Sunfeast Marie Light’s latest campaign pivots around a simple behavioural insight: even shared downtime is increasingly dominated by screens. Through its “divorce your phones” messaging, the ITC-owned biscuit brand is attempting to reposition tea-time as a space for interpersonal connection rather than passive scrolling. Emotional content is the key The campaign enters a crowded snacking category where functional differentiation has become harder. For legacy biscuit brands, emotional context is increasingly becoming the sharper branding tool. Instead of competing purely on taste, pricing or health cues, brands are now attaching themselves to lifestyle anxieties — in this case, digital distraction and relationship fatigue.
Attention Economy Becomes Advertising Territory The larger advertising signal is notable. Indian FMCG marketers are increasingly building campaigns around attention fragmentation, screen fatigue and digital overload. Categories traditionally associated with routine consumption — biscuits, tea, packaged foods — are now borrowing from wellness and culture narratives to create relevance. For agencies, this reflects a broader shift from product-led storytelling to behaviour-led positioning. The creative route also fits platform realities: short-form video ecosystems reward instantly relatable social tensions more than traditional feature advertising.

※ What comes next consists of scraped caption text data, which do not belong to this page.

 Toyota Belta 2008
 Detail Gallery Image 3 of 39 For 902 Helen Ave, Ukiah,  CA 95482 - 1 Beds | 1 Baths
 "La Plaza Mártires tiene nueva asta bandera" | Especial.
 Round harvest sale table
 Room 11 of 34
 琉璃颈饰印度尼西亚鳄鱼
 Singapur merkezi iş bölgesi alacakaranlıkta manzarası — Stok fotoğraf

The Strategic Read Importantly, the campaign is designed for conversation-first distribution. The “phone divorce” framing is meme-compatible, creator-friendly and easy to localise across digital platforms without requiring high production complexity. Tea-time advertising in India has historically sold togetherness. What has changed is the perceived threat. Our insight Earlier campaigns competed against busy schedules. Today, they are competing against the smartphone in consumers’ hands.